Goya não presenciou os acontecimentos, nem se preocupou em documentá-los. Para um liberal como ele, para quem a Revolução Francesa representava a ruptura com o passado que ele desejava para Espanha, o comportamento dos soldados franceses deve ter sido dilacerante. Eventualmente por isso, Goya afasta-se de uma mensagem política específica, de crítica da violência napoleónica, para produzir um retrato mais lato da individualidade humana, valor supremo, atacada num acto sacrílego pela força bruta.

No centro do quadro, destacado pela perspectiva, pela cor e por uma luz irrealista, como se um projector celeste o iluminasse, um homem, um homem comum, provavelmente igual a milhares de espanhóis da época, abre os braços e uma cara de espanto ao pelotão de fuzilamento.
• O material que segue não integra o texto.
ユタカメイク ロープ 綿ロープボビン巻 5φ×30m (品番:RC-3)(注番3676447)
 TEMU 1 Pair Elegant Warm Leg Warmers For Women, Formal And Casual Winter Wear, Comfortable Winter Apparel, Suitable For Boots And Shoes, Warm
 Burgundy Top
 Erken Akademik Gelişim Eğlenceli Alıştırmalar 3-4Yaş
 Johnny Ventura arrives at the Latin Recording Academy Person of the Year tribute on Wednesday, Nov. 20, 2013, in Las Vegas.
A sua expressividade, o misto de sentimentos que essa expressão veicula, de incompreensão, receio, angústia, resignação e até de alguma serenidade, contrastam com a frieza sem face dos executores. Aquele homem banal desbanaliza a violência da guerra, ao contrário das fotografias da exposição, tornando a morte e a dor inúteis no problema central do universo. Outros acabaram de ser mortos e uma fila sem fim visível espera o seu destino. Mas no instante que Goya pintou, no preciso momento em que vai ser abatido, este homem simboliza toda uma humanidade vítima do abuso do poder da força e todos as pessoas que morreram sob o jugo daqueles que acham que a razão do colectivo se pode arrogar o direito de destruir a preciosidade irrepetível da nossa individualidade.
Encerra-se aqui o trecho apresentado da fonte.